In 2017, Sichuan Airlines was ranked the world's 22nd safest airline by the Germany-based Jet Airliner Crash Data Evaluation Centre. According to this ranking, it is the fourth-safest Chinese airline, after Hong Kong-based Cathay Pacific, Taiwan's EVA Air and Haikou-based Hainan Airlines.
Sichuan Airlines' emphasis on service, meanwhile, derives from the fact that a higher proportion of visitors to Sichuan travel for tourism purposes, compared with bigger business hubs such as Beijing and Shanghai. For tourists, experience is the key, and this emphasis on service across the Sichuan region greatly affected on Sichuan Airlines' corporate culture.
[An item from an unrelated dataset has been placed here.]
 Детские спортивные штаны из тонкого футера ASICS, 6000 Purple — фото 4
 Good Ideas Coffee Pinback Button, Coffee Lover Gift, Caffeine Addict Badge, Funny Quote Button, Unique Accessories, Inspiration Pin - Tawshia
As Sichuan's travel links with overseas destinations increased, Sichuan Airlines also increasingly developed international flights. Its first route was launched between Chengdu and Melbourne, Australia, in 2012. Today, more than 40 of the airline's 270 flight routes are international.
"Operating international flights was a steep learning curve," says Zhang. Behind this seemingly easy step was a whole series of actions, including purchasing planes that could accommodate long-haul flights, gaining an understanding of International Civil Aviation Organization standards and building a professional human resources team capable of serving internationally traveling customers.
In the Schengen region, Sichuan Airlines picked Prague as its first destination due to the growing popularity of the Czech Republic for Chinese visitors, says Zhang.
This surge in visitor numbers happened mostly after the Czech Republic joined Schengen in 2007, which conveniently allowed Chinese visitors to include it in their package tours across multiple European cities.
Prague's profile in Chinese tourists' minds received another boost when it was featured in the popular 2015 Chinese romance drama Somewhere Only We Know. In more recent years, initiatives such as the launch of Chinese payment platforms Alipay and UnionPay in many Prague luxury shops have helped to attract Chinese shoppers.
In 2016, the number of Chinese tourists visiting the Czech Republic reached nearly 300,000, a big increase, considering that before 2007 the total was so small that no recorded figures existed.
Looking to the future, Zhang says plans are in the pipeline to launch more Europe flights this year, to locations including Zurich and Copenhagen. "In particular, as 2018 is China-EU Tourism Year, we want to make the most of growing traveler numbers to continue adding more European flights, and continue our journey of international expansion."